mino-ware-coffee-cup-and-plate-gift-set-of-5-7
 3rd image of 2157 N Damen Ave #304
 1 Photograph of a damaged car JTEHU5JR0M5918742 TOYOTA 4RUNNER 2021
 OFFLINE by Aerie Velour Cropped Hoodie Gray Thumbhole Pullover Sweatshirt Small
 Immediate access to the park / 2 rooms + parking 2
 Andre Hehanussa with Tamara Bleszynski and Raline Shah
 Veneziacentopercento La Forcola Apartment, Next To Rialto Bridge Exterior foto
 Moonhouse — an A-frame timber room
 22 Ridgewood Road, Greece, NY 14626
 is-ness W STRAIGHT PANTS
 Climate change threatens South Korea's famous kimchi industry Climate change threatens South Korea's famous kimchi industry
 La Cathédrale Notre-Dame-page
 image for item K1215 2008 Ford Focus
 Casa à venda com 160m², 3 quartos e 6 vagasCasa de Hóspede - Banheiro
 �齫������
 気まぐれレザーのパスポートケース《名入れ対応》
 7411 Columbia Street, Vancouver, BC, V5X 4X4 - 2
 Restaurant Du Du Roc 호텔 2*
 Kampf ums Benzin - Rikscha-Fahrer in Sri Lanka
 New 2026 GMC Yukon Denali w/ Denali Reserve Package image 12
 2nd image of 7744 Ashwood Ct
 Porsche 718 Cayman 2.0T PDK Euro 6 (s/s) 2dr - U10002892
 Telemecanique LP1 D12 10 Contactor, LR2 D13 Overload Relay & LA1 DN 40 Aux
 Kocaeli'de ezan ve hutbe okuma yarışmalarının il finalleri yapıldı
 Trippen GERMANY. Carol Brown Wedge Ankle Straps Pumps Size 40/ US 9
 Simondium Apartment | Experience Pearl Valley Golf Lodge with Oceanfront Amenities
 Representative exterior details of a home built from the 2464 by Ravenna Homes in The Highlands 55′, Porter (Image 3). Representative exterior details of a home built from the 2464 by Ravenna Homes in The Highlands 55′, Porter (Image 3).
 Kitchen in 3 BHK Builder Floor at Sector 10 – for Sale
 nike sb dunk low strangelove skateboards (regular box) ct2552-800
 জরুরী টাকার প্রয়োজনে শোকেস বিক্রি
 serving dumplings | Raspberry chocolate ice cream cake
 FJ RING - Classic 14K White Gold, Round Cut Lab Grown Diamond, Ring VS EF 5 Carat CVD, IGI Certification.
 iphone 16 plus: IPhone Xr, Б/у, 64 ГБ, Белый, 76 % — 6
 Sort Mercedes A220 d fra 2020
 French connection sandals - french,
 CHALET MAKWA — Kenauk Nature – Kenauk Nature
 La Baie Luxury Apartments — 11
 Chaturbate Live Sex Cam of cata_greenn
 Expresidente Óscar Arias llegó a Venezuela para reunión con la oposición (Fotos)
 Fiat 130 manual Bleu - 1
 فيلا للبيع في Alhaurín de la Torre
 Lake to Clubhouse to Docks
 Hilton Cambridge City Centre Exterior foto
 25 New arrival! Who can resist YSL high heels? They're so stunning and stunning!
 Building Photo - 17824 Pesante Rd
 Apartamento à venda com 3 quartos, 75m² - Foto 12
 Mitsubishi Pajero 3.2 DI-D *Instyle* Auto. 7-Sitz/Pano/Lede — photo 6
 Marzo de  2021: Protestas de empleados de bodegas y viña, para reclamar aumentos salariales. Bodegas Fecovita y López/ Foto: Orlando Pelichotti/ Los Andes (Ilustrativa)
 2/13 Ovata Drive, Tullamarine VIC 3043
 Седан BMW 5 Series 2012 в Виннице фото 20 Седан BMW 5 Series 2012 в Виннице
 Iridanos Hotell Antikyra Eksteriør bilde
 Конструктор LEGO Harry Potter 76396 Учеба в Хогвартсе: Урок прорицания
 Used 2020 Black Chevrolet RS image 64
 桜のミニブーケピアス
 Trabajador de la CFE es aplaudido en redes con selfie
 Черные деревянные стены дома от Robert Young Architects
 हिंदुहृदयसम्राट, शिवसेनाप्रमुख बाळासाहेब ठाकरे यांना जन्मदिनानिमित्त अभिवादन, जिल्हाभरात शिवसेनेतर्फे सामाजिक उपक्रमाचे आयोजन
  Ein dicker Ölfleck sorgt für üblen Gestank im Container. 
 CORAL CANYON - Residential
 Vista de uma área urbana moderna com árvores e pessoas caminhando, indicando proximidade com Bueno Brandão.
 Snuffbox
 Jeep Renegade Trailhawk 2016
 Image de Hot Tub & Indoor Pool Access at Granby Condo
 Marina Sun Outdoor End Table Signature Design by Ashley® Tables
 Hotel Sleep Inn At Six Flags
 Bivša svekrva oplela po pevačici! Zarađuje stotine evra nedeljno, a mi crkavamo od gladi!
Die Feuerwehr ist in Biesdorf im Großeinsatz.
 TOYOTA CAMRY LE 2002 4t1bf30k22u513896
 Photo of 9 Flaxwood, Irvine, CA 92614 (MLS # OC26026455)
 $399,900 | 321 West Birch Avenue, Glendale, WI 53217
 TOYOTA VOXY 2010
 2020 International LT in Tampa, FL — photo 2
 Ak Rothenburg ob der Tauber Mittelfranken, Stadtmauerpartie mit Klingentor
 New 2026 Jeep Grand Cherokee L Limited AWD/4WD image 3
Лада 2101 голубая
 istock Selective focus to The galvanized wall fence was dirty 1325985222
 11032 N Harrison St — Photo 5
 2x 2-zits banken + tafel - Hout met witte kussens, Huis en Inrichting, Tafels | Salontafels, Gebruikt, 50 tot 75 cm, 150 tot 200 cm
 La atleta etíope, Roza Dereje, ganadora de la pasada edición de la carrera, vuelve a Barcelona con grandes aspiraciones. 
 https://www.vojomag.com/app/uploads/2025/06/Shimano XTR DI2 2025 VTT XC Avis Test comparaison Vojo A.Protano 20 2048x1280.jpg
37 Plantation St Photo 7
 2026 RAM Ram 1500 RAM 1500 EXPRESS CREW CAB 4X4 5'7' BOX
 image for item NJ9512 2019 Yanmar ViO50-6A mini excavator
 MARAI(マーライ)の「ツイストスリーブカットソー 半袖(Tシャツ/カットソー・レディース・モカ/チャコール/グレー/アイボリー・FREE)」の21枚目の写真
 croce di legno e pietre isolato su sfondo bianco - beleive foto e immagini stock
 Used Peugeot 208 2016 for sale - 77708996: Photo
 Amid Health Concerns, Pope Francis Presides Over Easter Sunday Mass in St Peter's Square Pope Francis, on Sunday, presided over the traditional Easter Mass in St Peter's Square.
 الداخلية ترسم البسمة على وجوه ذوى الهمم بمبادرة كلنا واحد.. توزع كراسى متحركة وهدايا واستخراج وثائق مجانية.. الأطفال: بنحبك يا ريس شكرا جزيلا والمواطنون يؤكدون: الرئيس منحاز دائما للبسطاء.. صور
· · · ·
= EXERCISE DETAILS =
A verbatim transcription is needed of the lines above, starting at the line with "Trippen GERMANY. Carol" and ending at the line with "Chaturbate Live Sex Cam of cata_greenn", both included, and of nothing else.

= FINAL ANSWER =
 Trippen GERMANY. Carol Brown Wedge Ankle Straps Pumps Size 40/ US 9
 Simondium Apartment | Experience Pearl Valley Golf Lodge with Oceanfront Amenities
 Representative exterior details of a home built from the 2464 by Ravenna Homes in The Highlands 55′, Porter (Image 3). Representative exterior details of a home built from the 2464 by Ravenna Homes in The Highlands 55′, Porter (Image 3).
 Kitchen in 3 BHK Builder Floor at Sector 10 – for Sale
 nike sb dunk low strangelove skateboards (regular box) ct2552-800
 জরুরী টাকার প্রয়োজনে শোকেস বিক্রি
 serving dumplings | Raspberry chocolate ice cream cake
 FJ RING - Classic 14K White Gold, Round Cut Lab Grown Diamond, Ring VS EF 5 Carat CVD, IGI Certification.
 iphone 16 plus: IPhone Xr, Б/у, 64 ГБ, Белый, 76 % — 6
 Sort Mercedes A220 d fra 2020
 French connection sandals - french,
 CHALET MAKWA — Kenauk Nature – Kenauk Nature
 La Baie Luxury Apartments — 11
 Chaturbate Live Sex Cam of cata_greenn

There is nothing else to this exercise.